Over decades of gathering and analyzing social values trend data, we’ve consistently found that individual autonomy and empowerment are at the heart of satisfaction. When people have the freedom and flexibility to express themselves and exercise their judgement – whether at work or in other areas of life – they tend to find more meaning in what they’re doing and often they achieve better results.  

These concepts often come up in our work with clients. For example, governments developing policy initiatives or businesses designing customer service environments. How do you create tools and experiences that give people the right balance of choice and freedom on one hand, and support and guidance on the other?  

But in addition to being important themes in our client work, autonomy and empowerment have also become more and more central to how we run our own company. They’ve always been part of the culture at Environics, but as our team has grown and our culture has evolved, the idea of autonomy has become a more conscious and explicit aspect of how we operate.  

I was recently speaking to one of our VPs, who’s been with Environics for almost 20 years. I mentioned that we’ve had a flexible work environment for the last five years. She gave me a puzzled look and said,  “I thought we’d always been flexible.” I realized that I’d been thinking of our work-from-home policy, which is five years old. She was thinking not of a policy but of the practical realities she’d experienced over time at Environics. We’ve had people working remotely, including in other cities, since the late 1990s. This is a long-standing part of our culture that was only named and formalized much later.  

Letting people work from home might seem like workaday practical decision (one that many firms are reckoning with now) – but it connects back to bedrock issues like trust and control, which are rooted in people’s values and identities. Traditional office environments were designed so companies could control employees. Managers needed to see that everyone was working as hard as organizations expected, and be able to dole out rewards and punishments to keep everyone on track. This mechanistic approach to managing performance doesn’t fail automatically or immediately, but, especially in creative fields, it can create limits and deficits that might not be obvious right away.  

When an employee’s need for autonomy and control is embraced, and they’re empowered to do what is right for their client and their company according to their own judgment, the meaning of an office changes and the level of engagement increases.

In my experience, when we work this way people find it worth their while to bring more of themselves to work – and that ultimately has benefits for productivity, creativity, relationships and culture. 

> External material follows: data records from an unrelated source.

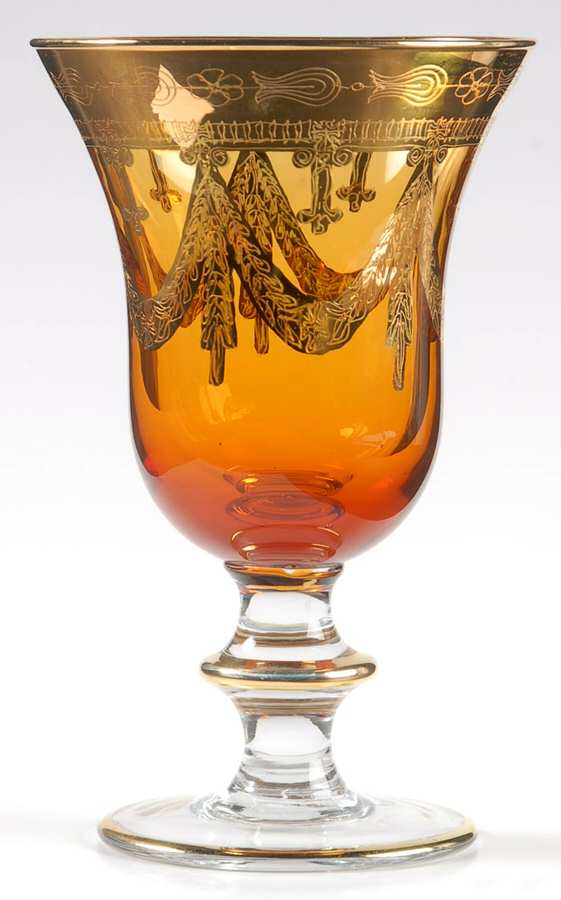 Medici Amber Water Goblet by Arte Italica-1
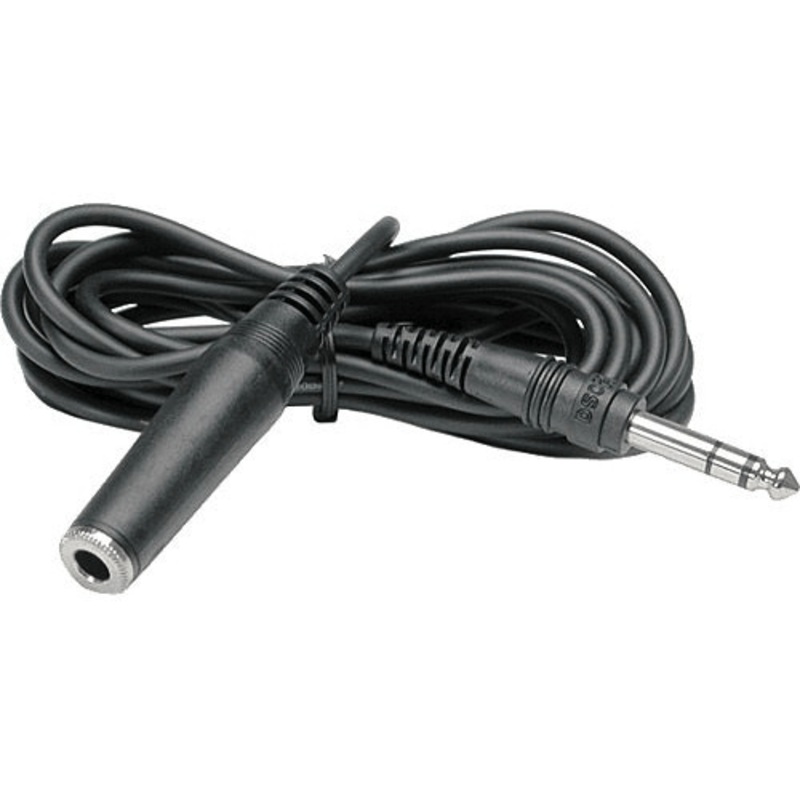 Hosa Technology Stereo 1/4" Female Phone to 1/4" Male Phone TRS Headphone Extension Cable - 10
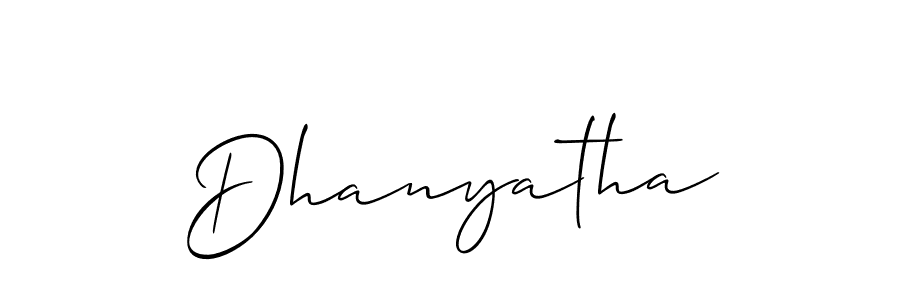 How to Draw Dhanyatha signature style? Allison_Script is a latest design signature styles for name Dhanyatha. Dhanyatha signature style 2 images and pictures png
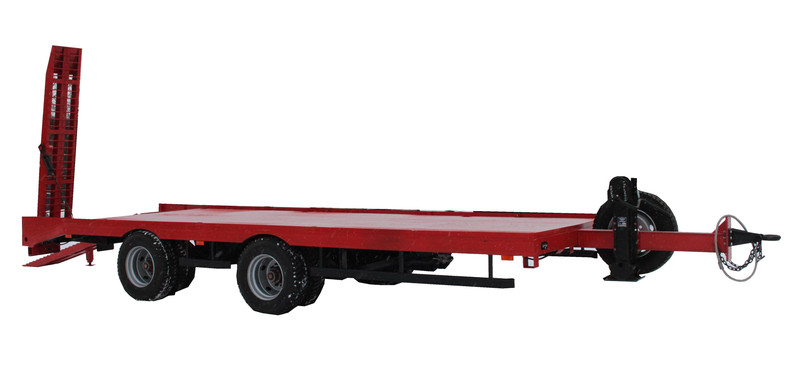 Trailers for transportation of machinery up to 17 tons for two-axle
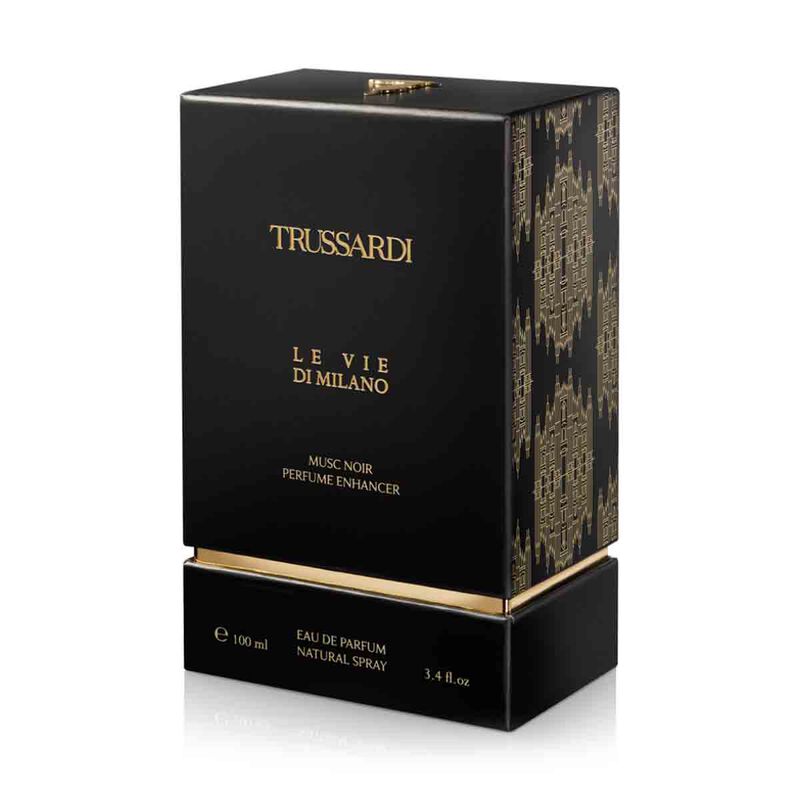 trussardi le vie di milano musc noir perfume enhancer eau de parfum 100ml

Not everyone wants to work this way. Some people do feel more comfortable when there are more fixed parameters. But in an environment like Environics, where we work to help clients interpret social change, dealing with some complexity and uncertainty tend to be part of the job – at least in most areas of the company. So the kinds of people who want to work with us tend to be adaptive navigators who respond very well to opportunities to chart their own course within a flexible framework that they can help to define. 

At one point, I was thinking about people who had left the company and why. I wanted to consider whether we were doing something wrong that we should try to fix. As I reflected, I realized that in a lot of cases, people had left to pursue some dream totally outside of our field.  They didn’t leave to join a competitor – they left to join the circus, say, or become a chef or psychotherapist. 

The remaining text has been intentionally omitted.